INSTRUCTIONS TO FOLLOW:
Copy verbatim the span of lines beginning at the line that contains "ECO Farm MB660" and ending with the final line of the data. Exclude pictures from the copy.

COLLECTED MATERIAL:
————

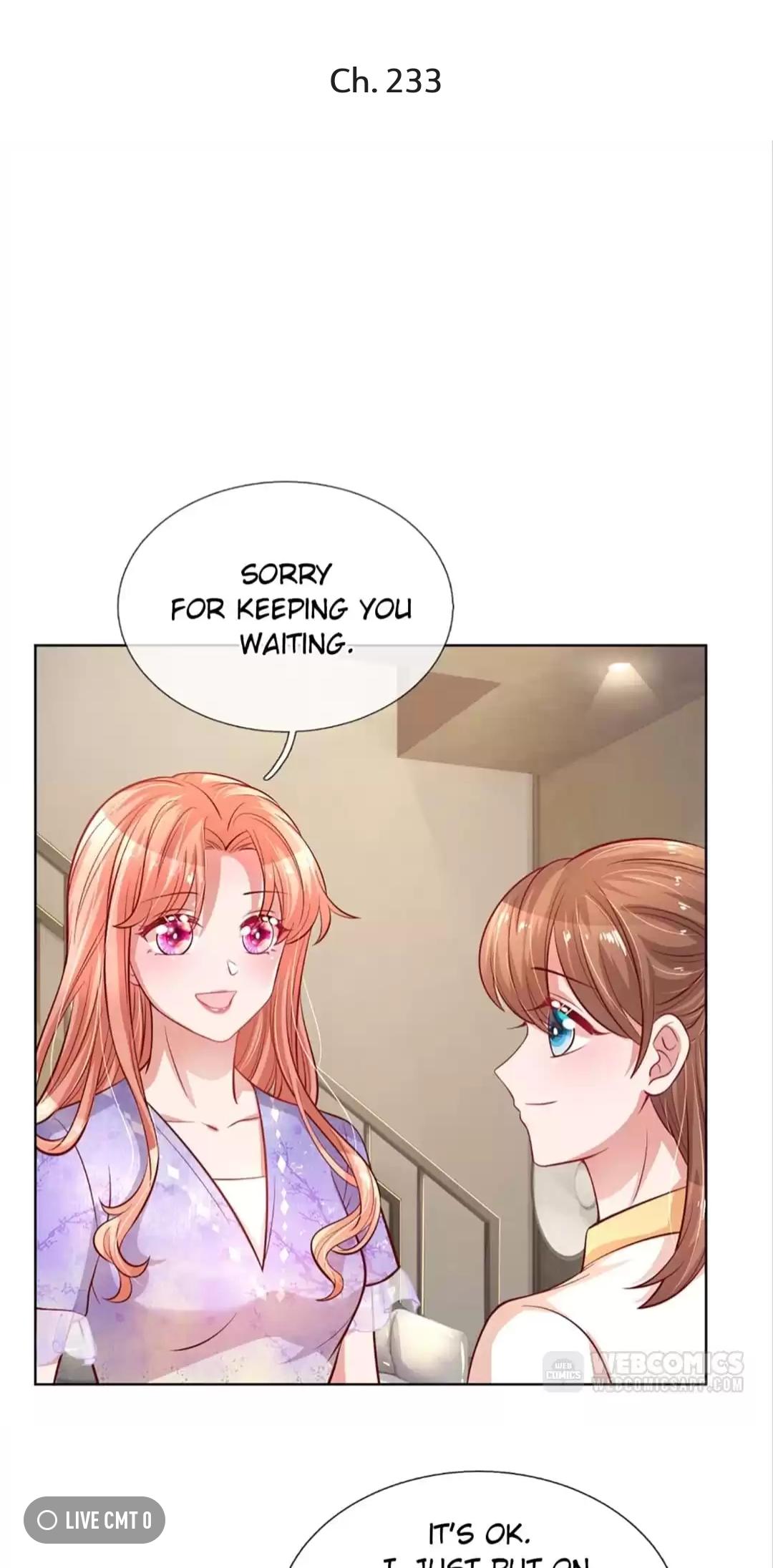 Sweet Escape (Manhua) - Chapter 233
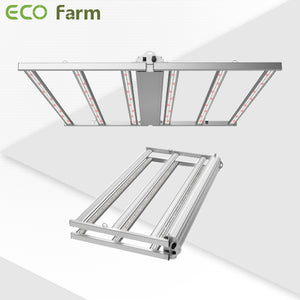 ECO Farm MB660 Foldable Grow Light Bar-growpackage.com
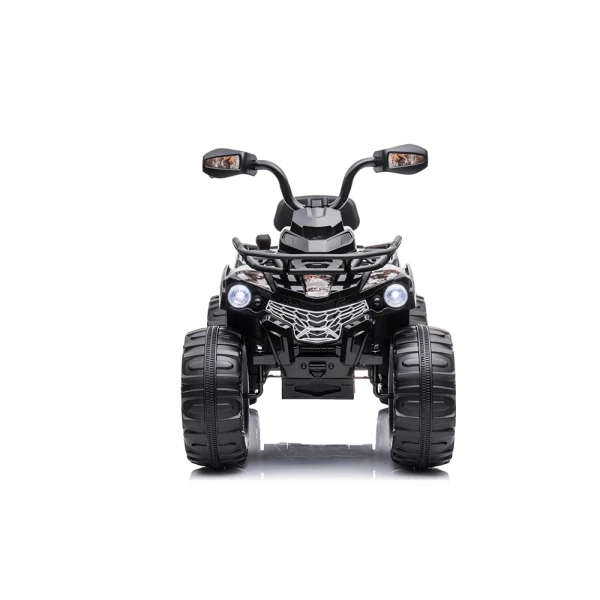 RECHARGEABLE QUAD 12V 7AH BLACK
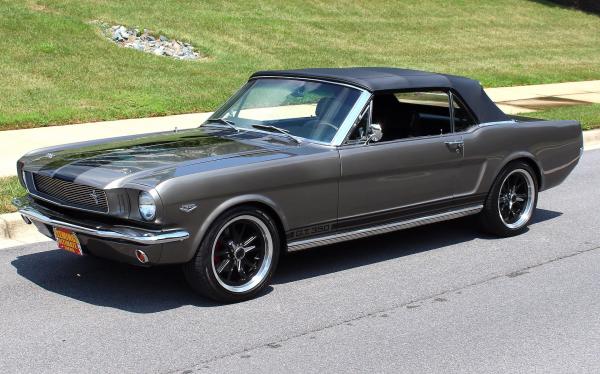 1966 Ford Mustang GT350R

————

EXERCISE OUTPUT:
 ECO Farm MB660 Foldable Grow Light Bar-growpackage.com
 RECHARGEABLE QUAD 12V 7AH BLACK
 1966 Ford Mustang GT350R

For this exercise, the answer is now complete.